10 responses to “Leafing Out

  1. I love the ginkgo leaves!Didi you carve the stamp yourself? Great job!

    • Thanks! The leaf was made from tracing around a coated paper drawing I had onto adhesive “fun foam” and then cutting the shape out with an Xacto knife. I cut out 2 images to raise the image a bit from the cardboard. It makes for a cleaner print. I gather you can also stick the foam onto clear acetate, but box cardboard was on hand.

      • Nice, I would like to try this soon. What are your favorite brands of fabric paint that you use.

      • There are many brands that work fine on fabric. Jacquard fabric paint, ProChem fabric paint, and FolkArt Fabric are the ones I’ve tried and had success with. I define success as thick enough to stay put on my foam stamp and supple enough when applied to fabric. I don’t recommend Tulip brand fabric paint as it leaves fabric stiff. Plain acrylic paint can be used on fabric but the fabric will be quite stiff. If you want to use acrylic paint you can mix it with fabric medium to get a softer hand. Yes, the paint issue for fabric is confusing. What will work for you may depend on what you want to paint on fabric and what you want to use the painted fabric for. You can also use thickened dye to paint fabric but that involves more steps.

      • I am looking for paints/inks to stamp designs on fabric that I can use in a quilt.
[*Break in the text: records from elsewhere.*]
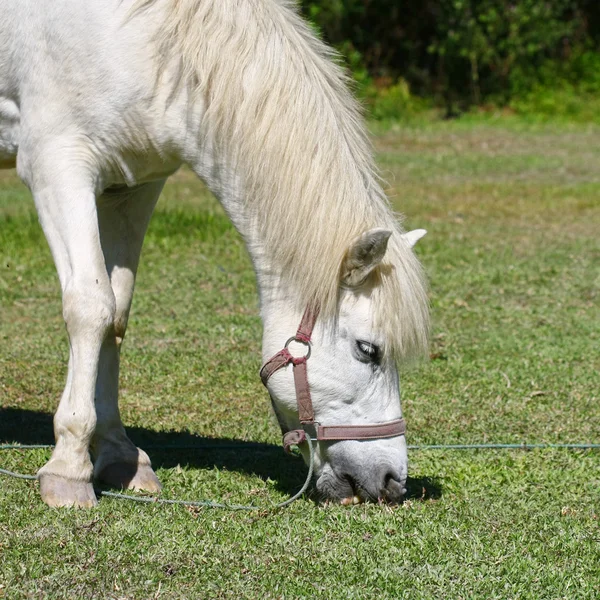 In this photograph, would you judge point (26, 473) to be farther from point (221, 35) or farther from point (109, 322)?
point (221, 35)

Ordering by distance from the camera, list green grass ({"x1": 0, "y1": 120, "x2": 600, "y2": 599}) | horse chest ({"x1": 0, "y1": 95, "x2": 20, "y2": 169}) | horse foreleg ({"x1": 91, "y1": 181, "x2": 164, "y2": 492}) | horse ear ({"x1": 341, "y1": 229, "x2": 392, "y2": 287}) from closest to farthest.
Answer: green grass ({"x1": 0, "y1": 120, "x2": 600, "y2": 599}) → horse ear ({"x1": 341, "y1": 229, "x2": 392, "y2": 287}) → horse chest ({"x1": 0, "y1": 95, "x2": 20, "y2": 169}) → horse foreleg ({"x1": 91, "y1": 181, "x2": 164, "y2": 492})

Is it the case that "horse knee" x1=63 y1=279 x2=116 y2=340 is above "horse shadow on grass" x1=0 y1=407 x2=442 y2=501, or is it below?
above

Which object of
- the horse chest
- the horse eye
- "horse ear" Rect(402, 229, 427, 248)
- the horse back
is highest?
the horse back

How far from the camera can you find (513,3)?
1864 centimetres

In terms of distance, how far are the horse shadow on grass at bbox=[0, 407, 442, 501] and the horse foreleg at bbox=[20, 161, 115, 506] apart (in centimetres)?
68

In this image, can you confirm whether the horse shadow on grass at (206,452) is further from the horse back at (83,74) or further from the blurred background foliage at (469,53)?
the blurred background foliage at (469,53)

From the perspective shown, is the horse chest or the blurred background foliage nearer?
the horse chest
Would any one of these be better than the others for colorfastness and durability? You seem to know a lot about your fabric arts! 🙂 Thank you for sharing your expertise.
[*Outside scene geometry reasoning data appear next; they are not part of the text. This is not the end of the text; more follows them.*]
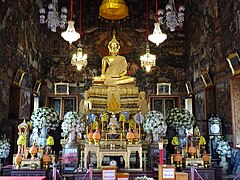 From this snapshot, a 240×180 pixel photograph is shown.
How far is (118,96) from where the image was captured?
7844mm

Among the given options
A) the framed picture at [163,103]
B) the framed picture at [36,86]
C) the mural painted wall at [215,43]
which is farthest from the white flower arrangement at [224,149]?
the framed picture at [36,86]

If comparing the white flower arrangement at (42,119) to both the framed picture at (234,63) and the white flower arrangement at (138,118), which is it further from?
the framed picture at (234,63)

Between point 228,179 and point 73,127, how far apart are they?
370cm

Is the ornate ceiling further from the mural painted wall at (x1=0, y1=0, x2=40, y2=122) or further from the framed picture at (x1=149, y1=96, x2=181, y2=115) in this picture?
the framed picture at (x1=149, y1=96, x2=181, y2=115)

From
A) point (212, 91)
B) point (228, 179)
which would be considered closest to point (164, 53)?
point (212, 91)

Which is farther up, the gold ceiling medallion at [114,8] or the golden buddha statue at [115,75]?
the gold ceiling medallion at [114,8]

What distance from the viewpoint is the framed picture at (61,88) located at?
10.6 metres

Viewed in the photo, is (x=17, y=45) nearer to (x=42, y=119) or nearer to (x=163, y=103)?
(x=42, y=119)

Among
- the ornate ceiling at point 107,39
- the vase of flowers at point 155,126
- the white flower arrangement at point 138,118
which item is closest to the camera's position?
the vase of flowers at point 155,126

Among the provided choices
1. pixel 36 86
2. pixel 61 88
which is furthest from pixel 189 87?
pixel 36 86

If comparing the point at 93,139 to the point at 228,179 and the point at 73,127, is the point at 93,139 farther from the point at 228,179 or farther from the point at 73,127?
the point at 228,179

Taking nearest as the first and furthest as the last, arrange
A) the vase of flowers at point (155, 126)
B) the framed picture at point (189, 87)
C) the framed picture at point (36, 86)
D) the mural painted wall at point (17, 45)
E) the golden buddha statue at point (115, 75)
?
the vase of flowers at point (155, 126), the mural painted wall at point (17, 45), the golden buddha statue at point (115, 75), the framed picture at point (36, 86), the framed picture at point (189, 87)

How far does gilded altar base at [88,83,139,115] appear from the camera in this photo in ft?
25.8

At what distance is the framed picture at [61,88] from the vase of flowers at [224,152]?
6277 millimetres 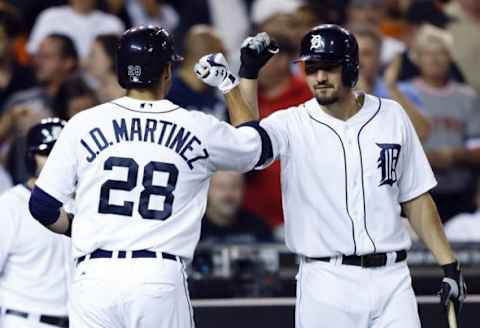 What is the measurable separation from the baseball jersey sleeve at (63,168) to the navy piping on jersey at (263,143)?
28.1 inches

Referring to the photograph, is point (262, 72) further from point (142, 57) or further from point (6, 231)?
point (142, 57)

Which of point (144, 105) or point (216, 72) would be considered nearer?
point (144, 105)

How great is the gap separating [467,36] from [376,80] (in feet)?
2.74

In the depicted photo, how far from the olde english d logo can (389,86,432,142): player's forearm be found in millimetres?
3417

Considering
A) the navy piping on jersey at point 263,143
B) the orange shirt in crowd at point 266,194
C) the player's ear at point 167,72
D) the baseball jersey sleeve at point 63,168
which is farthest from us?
the orange shirt in crowd at point 266,194

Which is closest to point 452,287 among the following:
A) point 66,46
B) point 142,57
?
point 142,57

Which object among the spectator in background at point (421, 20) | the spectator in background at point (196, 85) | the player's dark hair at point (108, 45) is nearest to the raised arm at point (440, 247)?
the spectator in background at point (196, 85)

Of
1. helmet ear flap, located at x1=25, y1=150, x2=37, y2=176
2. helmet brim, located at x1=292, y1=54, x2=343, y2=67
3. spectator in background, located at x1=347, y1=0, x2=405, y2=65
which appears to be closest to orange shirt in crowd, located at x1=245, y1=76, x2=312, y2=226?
spectator in background, located at x1=347, y1=0, x2=405, y2=65

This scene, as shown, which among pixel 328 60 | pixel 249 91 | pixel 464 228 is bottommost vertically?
pixel 464 228

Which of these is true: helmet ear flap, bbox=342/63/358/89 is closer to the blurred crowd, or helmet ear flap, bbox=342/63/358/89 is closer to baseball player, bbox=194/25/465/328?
baseball player, bbox=194/25/465/328

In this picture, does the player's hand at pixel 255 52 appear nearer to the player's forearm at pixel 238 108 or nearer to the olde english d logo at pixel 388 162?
the player's forearm at pixel 238 108

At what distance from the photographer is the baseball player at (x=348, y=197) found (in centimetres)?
473

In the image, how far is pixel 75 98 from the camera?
27.4 feet

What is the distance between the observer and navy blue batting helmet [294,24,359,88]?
15.8 ft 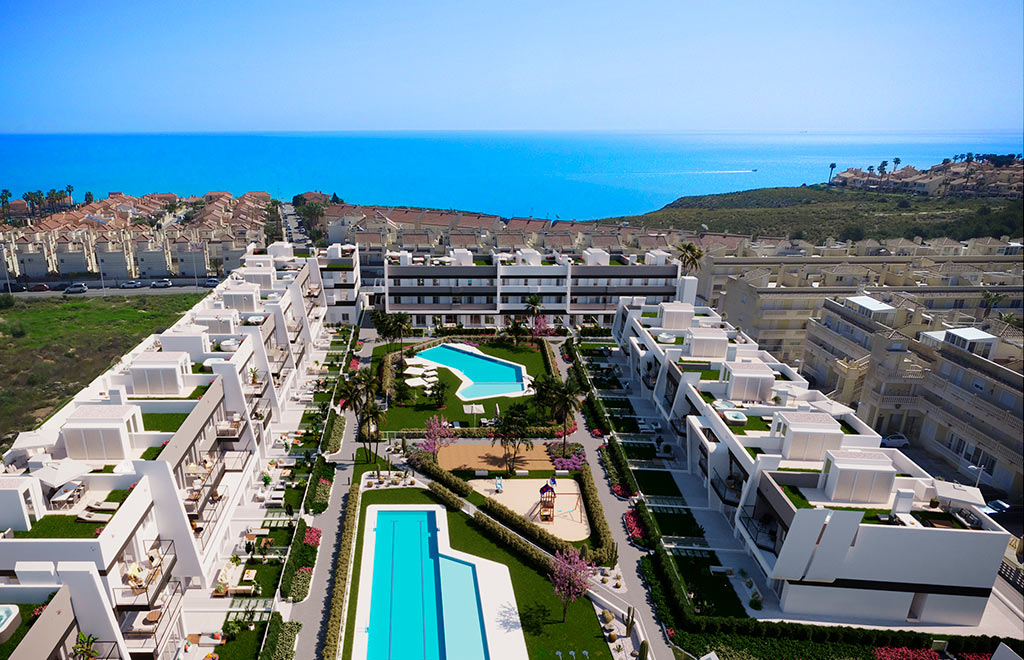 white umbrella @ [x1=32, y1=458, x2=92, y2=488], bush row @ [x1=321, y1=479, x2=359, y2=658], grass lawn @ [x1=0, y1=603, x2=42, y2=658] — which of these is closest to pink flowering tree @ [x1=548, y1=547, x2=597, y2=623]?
bush row @ [x1=321, y1=479, x2=359, y2=658]

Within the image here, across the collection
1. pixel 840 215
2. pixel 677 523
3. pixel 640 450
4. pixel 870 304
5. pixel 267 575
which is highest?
pixel 840 215

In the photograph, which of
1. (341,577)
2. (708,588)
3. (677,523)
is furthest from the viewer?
(677,523)

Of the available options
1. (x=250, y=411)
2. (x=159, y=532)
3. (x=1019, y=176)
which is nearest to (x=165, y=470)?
(x=159, y=532)

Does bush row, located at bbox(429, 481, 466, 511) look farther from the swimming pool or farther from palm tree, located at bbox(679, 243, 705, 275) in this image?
palm tree, located at bbox(679, 243, 705, 275)

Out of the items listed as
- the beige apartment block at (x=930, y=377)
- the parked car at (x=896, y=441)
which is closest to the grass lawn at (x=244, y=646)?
the parked car at (x=896, y=441)

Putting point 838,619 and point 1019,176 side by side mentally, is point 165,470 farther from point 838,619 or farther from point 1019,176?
point 1019,176

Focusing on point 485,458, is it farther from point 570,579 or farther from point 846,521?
point 846,521

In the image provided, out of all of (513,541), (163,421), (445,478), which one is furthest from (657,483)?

      • All of the paints I mentioned before can be washed. I don’t know if they’d survive bleach, but they’re certainly used in decorating t-shirts, etc. I haven’t tried any for colorfastness (from repeated washings?) Fabric painted cloth does need to be heat set (iron, clothes dryer, etc.) after application (usually after 24 hours, check manufacturer’s specs.) and can be washed about 2 weeks later. In Sue Beevers’ book “Off The Shelf Fabric Painting,” laundering instructions for 4 types of fabric paints say hand wash, line dry. So, my guess is you might get more fading if your quilts are machine washed than if they’re hand washed.

      • Many thanks for the reply. That may be a good book for reference, thank you for the suggestions.

      • You’re welcome. Check out the books your local library may have on the subject.

  2. You got some very cool effects with this!